Höhepunkt: Kendall, als er merkte, dass Shiv ihn belogen hatte – und deshalb ins Team Mencken wechselte. Für die Roys nur eine weitere Lüge, für das Land einen Nazi-Sympathisanten als Präsident.
Offene Frage: Wird Mencken Präsident bleiben? Wahrscheinlich löst die Serie die Frage nicht mehr auf. Deshalb hier eine alternative Frage: Zeichnet sich schon ab, wer den Thron erbt? Roman ist nach seinem Wahltriumph im Hoch, hat er nun doch einen Kontakt zum Präsidenten. Aber es stehen noch zwei Folgen an – eine sehr lange Zeit im Haifischbecken von «Succession».
Beste Beleidigung: Uff, da gabs wiederum einige. Toms Wortkreation «gregging», mit dem er Greg besonders sadistisch zu verstehen gab, sein Lakaie für die Wahlnacht zu sein?

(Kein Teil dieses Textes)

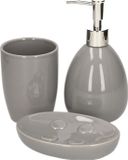Merkloos Badkameraccessoires set - grijs - dolomiet - 3-delig - zeeppomp/beker/houder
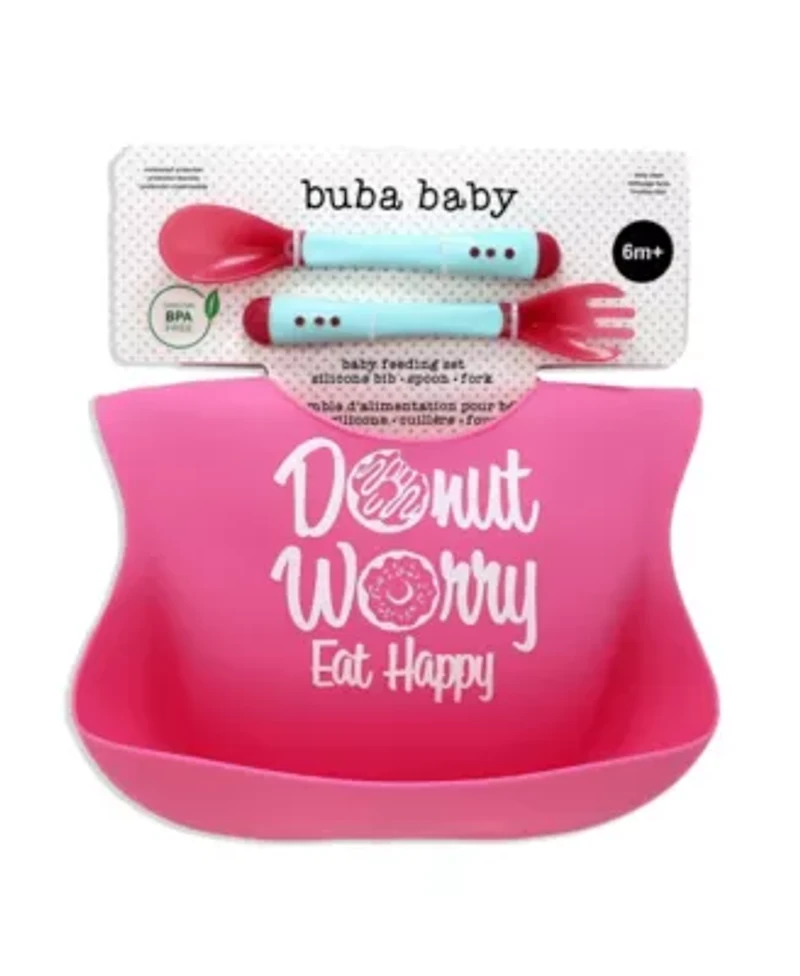 Baby Boys and Girls Silicone Bib with Spoon and Fork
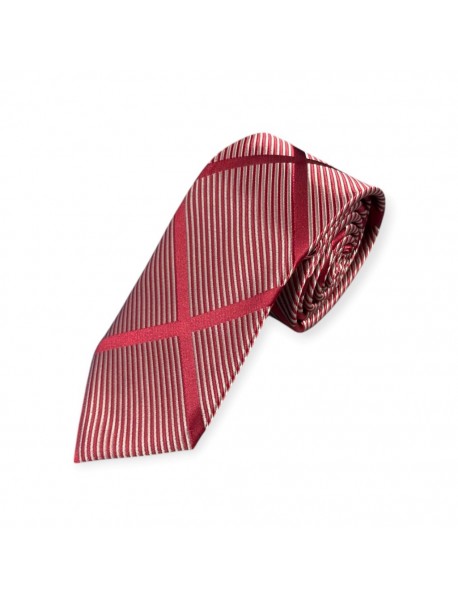RED & SILVER STRIPED TIE & POCKET SQUARE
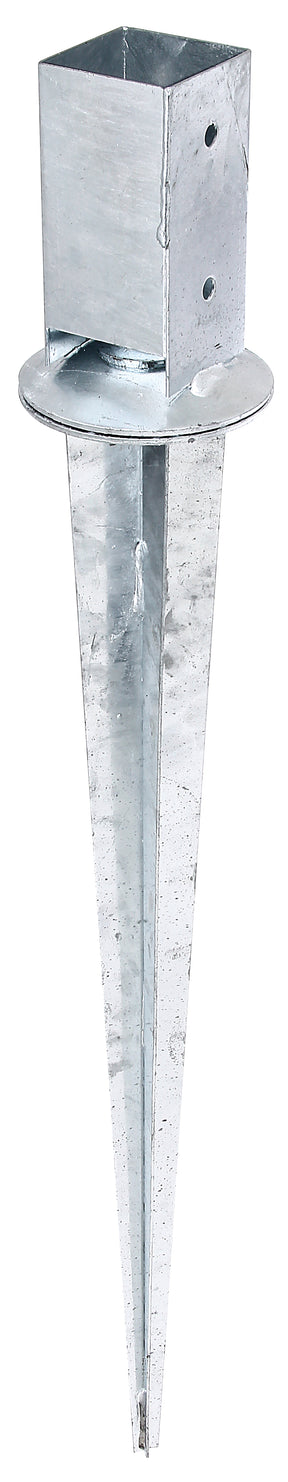 Einschlag-Bodenhülse verstellbar für Vierkantholzpfosten 71 x 71 mm (900 mm lang) feuerverzinkt, 1 Stück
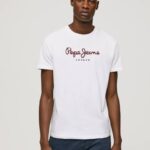 muškarci bijela pamučna majica s otisnutim logotipom Pepe Jeans JZ8H998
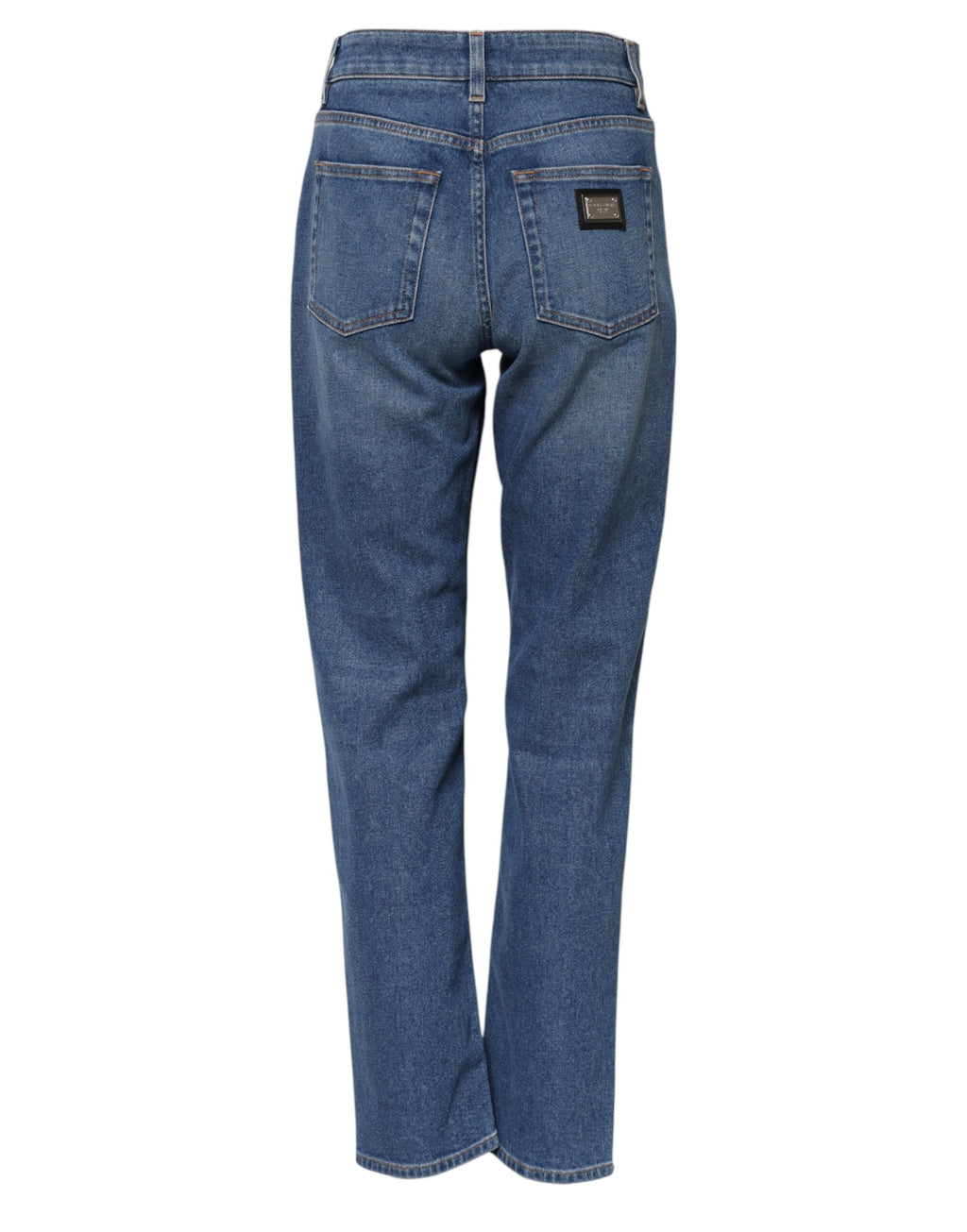 Blå bomullsjeans med hög midja och avsmalnande passform 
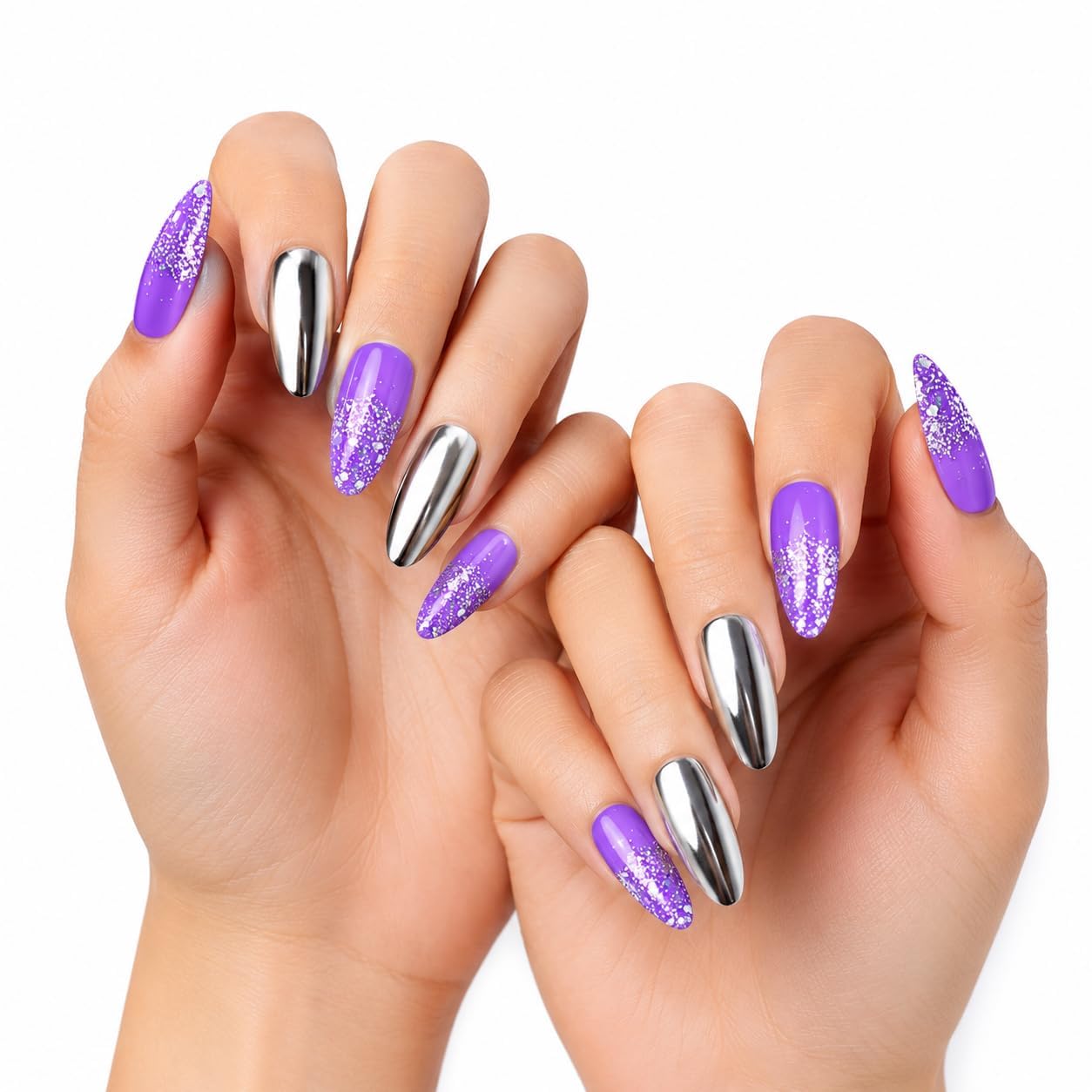 Press On Nails for Women Reusable Artificial Fake Nails with Adhesive Tabs (Light Purple)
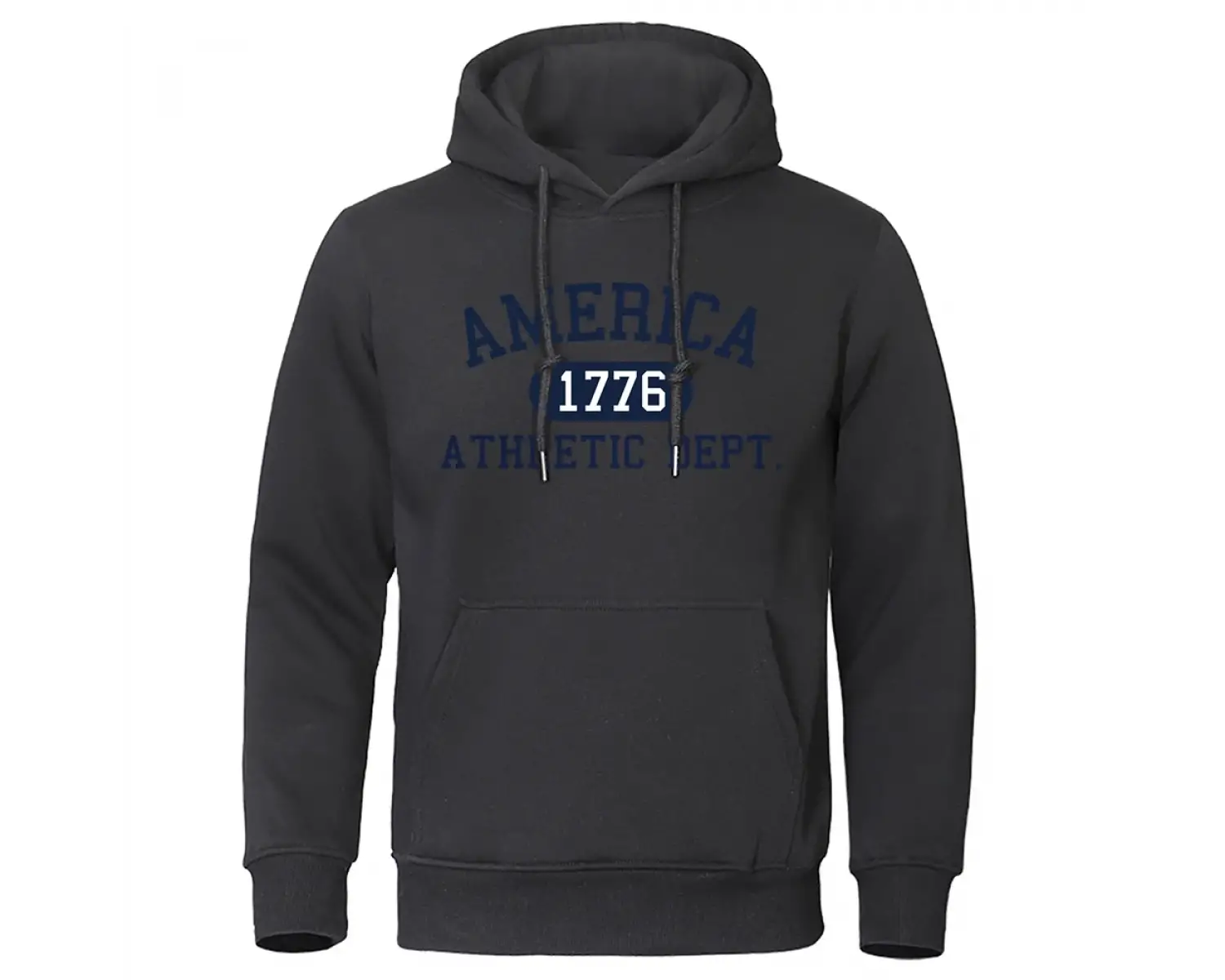Amerika 1776 Atletik Dept Mektup Baskı Erkek Kapüşonlular Cep O-Boyun Kazak Sonbahar Yumuşak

Grösste Lächerlichkeit: Greg, der dem ATN-Chefanalysten im brenzligsten Moment der jüngeren US-Geschichte aus Versehen Wasabi in die Augen befördert – und das Brennen ausgerechnet mit Zitronenwasser zu lindern versucht. «It’s not that lemony, it’s not that lemony …» Fantastischer und gewagter Slapstick in einer der nervenaufreibendsten Folgen der Serie. Und Beweis für die Meisterhaftigkeit von «Succession»-Erfinder Jesse Armstrong, der die Folge (und die kommenden beiden) höchstpersönlich schrieb.
Luxuriösestes Statussymbol: Keines. Die Folge fand tollerweise durchgehend im ATN-Hauptquartier statt. Die Demokratie stirbt hier also nicht in der Dunkelheit, wie es im Slogan der «Washington Post» heisst (der damit auf intransparente Regierungsdeals zielt). Sondern, o schreckliche Ironie, in einem hell erleuchteten Newsroom. Oder wie es Roman selbst ausdrückte, nachdem ATN Mencken zum Präsidenten ausgerufen hatte: «Wir haben gerade einen guten Fernsehabend gemacht.»
Zumindest damit hat er absolut recht.